В пятницу в Большом зале Московской консерватории в рамках фестиваля, посвященного столетию со дня смерти Чайковского, состоялся концерт Дмитрия Хворостовского (баритон) и Михаила Аркадьева (фортепиано). Зал был заполнен до отказа; среди зрителей можно было увидеть Ирину Архипову, Марию Биешу, Евгения Колобова, Наталию Троицкую, Святослава Бэлзу. Гонорар передавался в фонд реставрации Большого зала. О концерте рассказывает музыковед ИОЛАНТА Ъ-ДАНОВА.

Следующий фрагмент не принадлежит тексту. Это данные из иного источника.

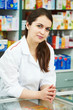 Pharmacy chemist woman in drugstore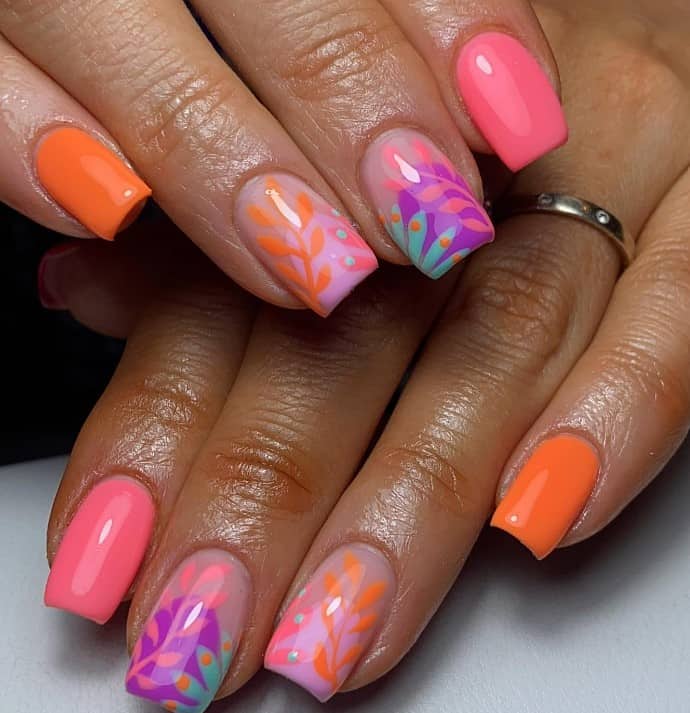 A closeup of a woman's fingernails with a multicolored nail polish that has matte or glitter finishes and floral nail art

В первом отделении было исполнено десять произведений Чайковского. Может быть, потому, что отмечалась дата смерти, некоторые романсы звучали несколько погребально (даже такой жизнеутверждающий, как "То было раннею весной"). К сожалению, в голосе певца присутствовали и излишнее вибрато, и заметная детонация, и форсирование звука. Зато изумительное пиано Хворостовского — в романсах "Средь шумного бала", "Мой гений, мой ангел, мой друг" и заключительной "Ноченьке" — не могло не заворожить, а романс "О, если б ты могла хоть на единый миг" поразил множеством оттенков в выражении чувства. Но все это были печальные и сумрачные краски, средоточием которых стала инфернальная "Любовь мертвеца" на стихи Лермонтова. Здесь даже утрированное вибрато оказалось к месту: образ был вылеплен столь отчетливо, что слушатели боялись пошевелиться, загипнотизированные любовным шаманством "жильца могил".
Второе отделение состояло из произведений Рахманинова и Мусоргского. И вот в романсе Рахманинова "Дитя! Как цветок ты прекрасна" нам предстал совсем иной Дмитрий Хворостовский, в голосе которого появляются свет и окрыленность. В завершение концерта он опять вернулся к своей, теперь, видимо, излюбленной теме и исполнил цикл "Песни и пляски смерти" Мусоргского. Тут было и совершенное владение вокальными средствами, и актерское мастерство, и, главное, увлекающая магическая сила. Далеко не последнюю роль сыграл во всей программе и чуткий аккомпанемент Михаила Аркадьева.
На бис прозвучали любимые публикой и певцом произведения Чайковского: ария Елецкого из "Пиковой дамы", "Серенада Дон Жуана" и снова "Ноченька". И хотя Дон Жуан обнаружил скорее мефистофельские черты, князь Елецкий предстал столь обольстительным, что если бы я была Лизой, то никогда не променяла бы его на Германа.